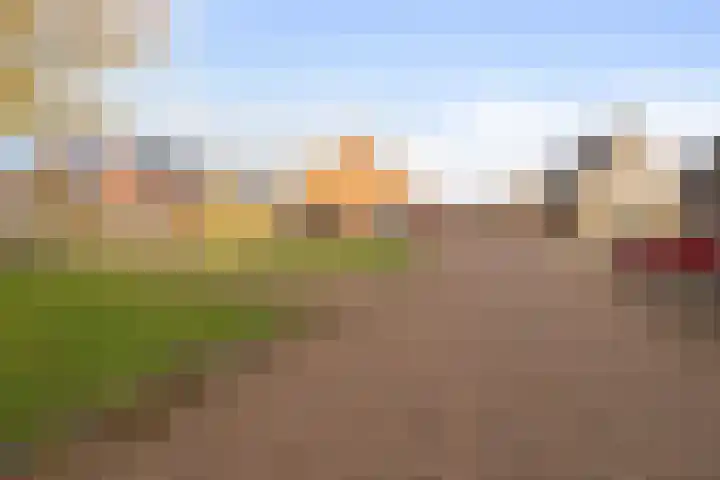 De Gemeint 20 Boekel thumbnail 34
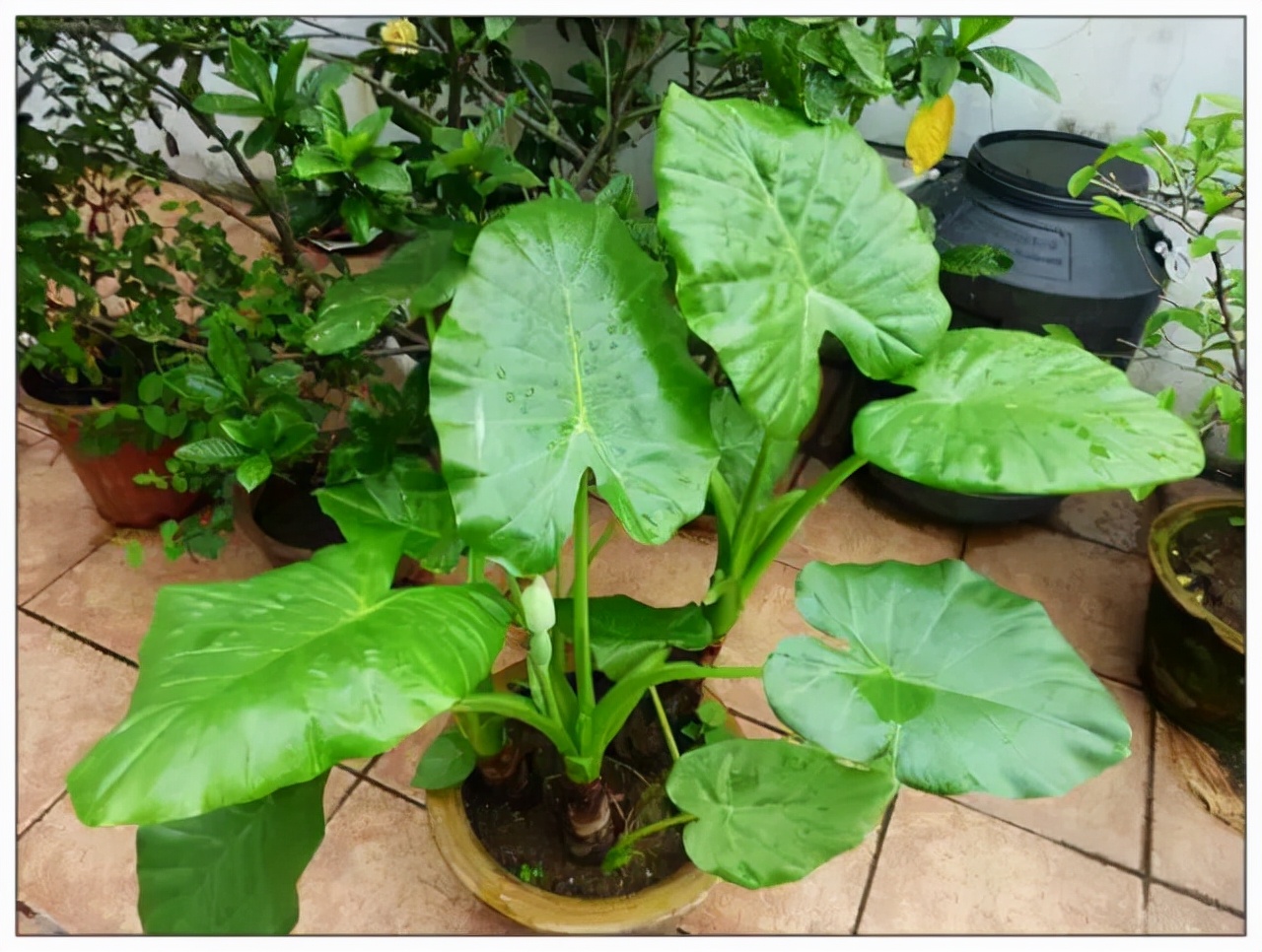 20种大毒花你家里养了吗,4种大毒花家里经常养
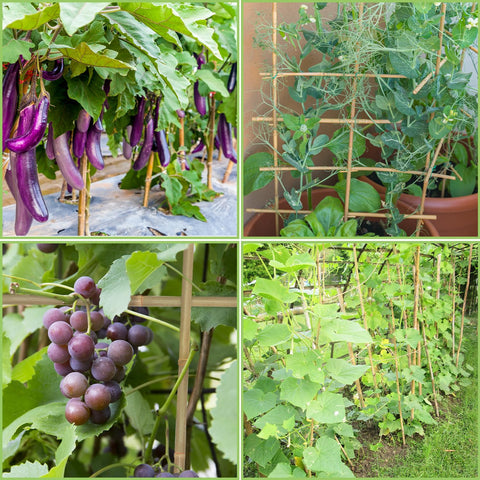 GAGINANG estacas integradas en jardín creando apariencia ordenada y sostenible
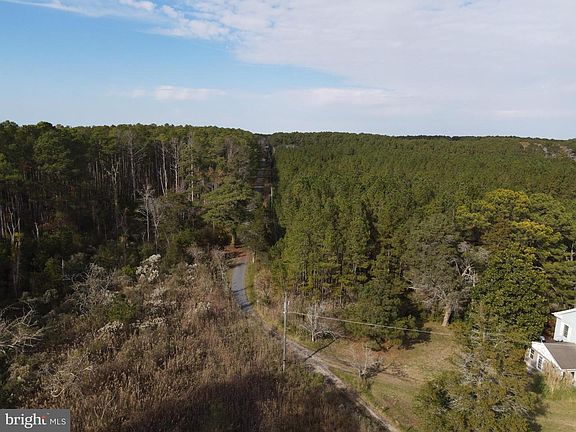 5th image of 10407 William Sharpless Rd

— TRY IT —
Where the line containing "GAGINANG estacas integradas" appears above, start there and set down each line exactly through the last line of the data; leave out every picture.

— RESPONSE TO THE EXERCISE —
 GAGINANG estacas integradas en jardín creando apariencia ordenada y sostenible
 5th image of 10407 William Sharpless Rd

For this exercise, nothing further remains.